BCG-primed guinea pigs were intravenously injected with a lethal dose of LPS (1000 μg/kg) and E5564 or vehicle and blood was collected 1 h later for measurement of TNF-α levels (Fig. 4). Administration of 10, 30, 100, and 300 μg/kg E5564 suppressed LPS-induced plasma TNF-α concentrations by 29, 57, and 94%, respectively. The ED50 value for this model system was estimated to be 37 μg/kg E5564.
Similarly, BCG-primed rats were intravenously administered E5564 or vehicle along with 3 μg/kg LPS (a nonlethal dose), and blood was collected 1 h later for assay of TNF concentrations (Fig. 4). Administration of E5564 inhibited induction of TNF-α by 84, 97, and 100%, by 10, 100, and 1000 μg of E5564/kg, respectively.
Effect of E5564 on LPS-Induced Lethality in Mice.

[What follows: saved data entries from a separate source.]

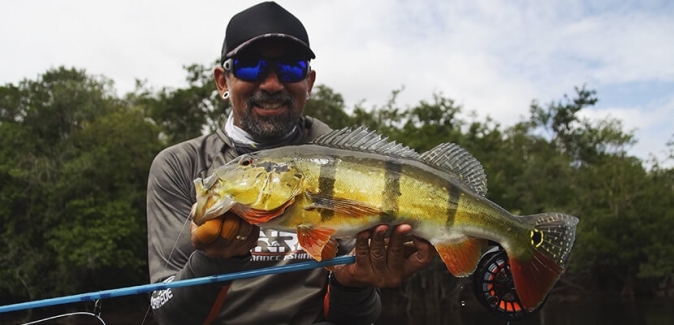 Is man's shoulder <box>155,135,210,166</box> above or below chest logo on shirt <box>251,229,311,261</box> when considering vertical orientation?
above

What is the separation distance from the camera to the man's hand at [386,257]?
2.67 meters

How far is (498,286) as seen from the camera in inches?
129

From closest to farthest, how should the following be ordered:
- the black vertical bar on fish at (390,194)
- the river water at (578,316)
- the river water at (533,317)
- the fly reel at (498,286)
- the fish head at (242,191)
→ the fish head at (242,191)
the black vertical bar on fish at (390,194)
the fly reel at (498,286)
the river water at (533,317)
the river water at (578,316)

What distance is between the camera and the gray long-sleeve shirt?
3.26 metres

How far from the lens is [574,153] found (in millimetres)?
50031

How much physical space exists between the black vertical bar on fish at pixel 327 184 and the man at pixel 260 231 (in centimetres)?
61

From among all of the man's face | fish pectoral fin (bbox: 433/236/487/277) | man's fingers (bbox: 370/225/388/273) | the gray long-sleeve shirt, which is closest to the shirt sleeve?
the gray long-sleeve shirt

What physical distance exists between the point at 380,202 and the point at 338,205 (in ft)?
0.63

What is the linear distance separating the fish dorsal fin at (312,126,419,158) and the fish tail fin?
2.21 feet

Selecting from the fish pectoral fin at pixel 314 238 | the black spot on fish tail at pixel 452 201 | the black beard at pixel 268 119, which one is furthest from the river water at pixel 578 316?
the fish pectoral fin at pixel 314 238

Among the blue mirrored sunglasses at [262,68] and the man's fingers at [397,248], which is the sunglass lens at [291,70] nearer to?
the blue mirrored sunglasses at [262,68]

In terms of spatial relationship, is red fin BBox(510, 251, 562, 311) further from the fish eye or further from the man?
the fish eye

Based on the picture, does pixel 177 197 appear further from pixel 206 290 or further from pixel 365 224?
pixel 365 224

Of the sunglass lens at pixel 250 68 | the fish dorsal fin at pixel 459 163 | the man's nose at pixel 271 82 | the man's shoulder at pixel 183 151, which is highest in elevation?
the sunglass lens at pixel 250 68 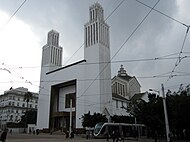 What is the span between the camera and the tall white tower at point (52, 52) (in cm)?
7406

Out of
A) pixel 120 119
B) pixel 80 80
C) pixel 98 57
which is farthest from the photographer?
pixel 80 80

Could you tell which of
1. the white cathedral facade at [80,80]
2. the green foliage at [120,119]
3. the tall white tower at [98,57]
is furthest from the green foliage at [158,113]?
the tall white tower at [98,57]

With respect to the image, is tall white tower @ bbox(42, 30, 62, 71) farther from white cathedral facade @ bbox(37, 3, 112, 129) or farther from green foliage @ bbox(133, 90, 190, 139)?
green foliage @ bbox(133, 90, 190, 139)

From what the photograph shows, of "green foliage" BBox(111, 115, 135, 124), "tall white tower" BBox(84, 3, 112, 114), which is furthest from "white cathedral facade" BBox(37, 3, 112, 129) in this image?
"green foliage" BBox(111, 115, 135, 124)

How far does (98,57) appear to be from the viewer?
5884cm

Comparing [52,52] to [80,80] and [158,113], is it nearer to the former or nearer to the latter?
[80,80]

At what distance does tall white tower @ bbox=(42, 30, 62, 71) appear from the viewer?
243 ft

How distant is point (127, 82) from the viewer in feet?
280

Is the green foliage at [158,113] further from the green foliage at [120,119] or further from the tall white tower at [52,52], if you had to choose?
the tall white tower at [52,52]

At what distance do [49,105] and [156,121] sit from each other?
126 feet

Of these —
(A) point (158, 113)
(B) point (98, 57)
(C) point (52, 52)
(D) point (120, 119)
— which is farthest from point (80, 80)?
(A) point (158, 113)

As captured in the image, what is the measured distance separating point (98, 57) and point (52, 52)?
21.4 m

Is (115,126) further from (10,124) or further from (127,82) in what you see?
(10,124)

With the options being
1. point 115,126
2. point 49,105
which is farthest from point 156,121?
point 49,105
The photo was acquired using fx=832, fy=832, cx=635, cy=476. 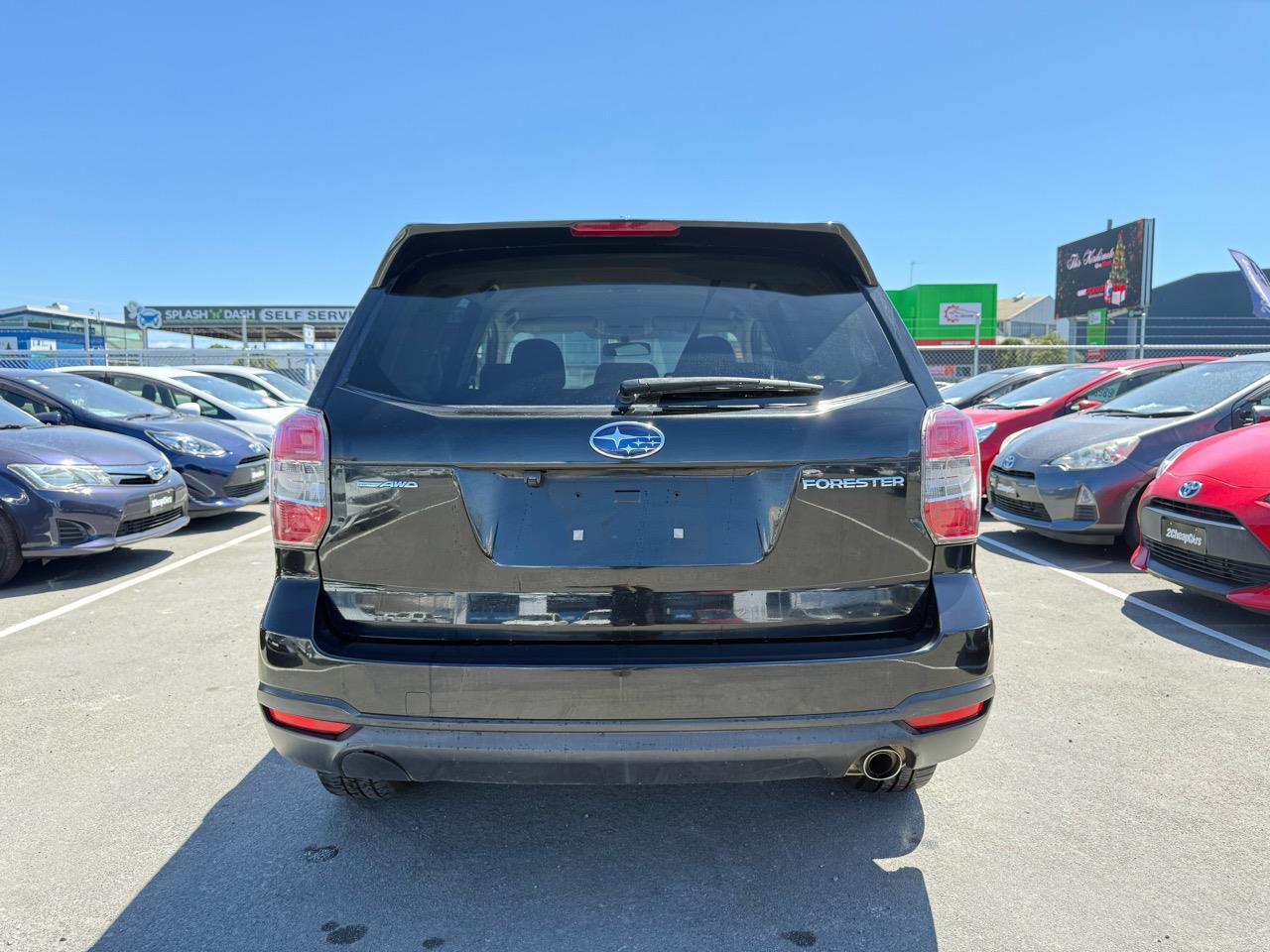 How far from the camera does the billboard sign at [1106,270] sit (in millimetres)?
33562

To evaluate the ability of E5564 to prevent LPS-induced mortality, BCG-primed mice were injected intravenously with 100 μg/kg LPS along with the indicated doses of E5564 or vehicle, and incidence of mortality was monitored for 72 h (Fig. 5). Whereas the administration of 100 μg/kg LPS alone resulted in 90% mortality by 72 h, coinjection of E5564 significantly and dose dependently reduced the incidence of mortality.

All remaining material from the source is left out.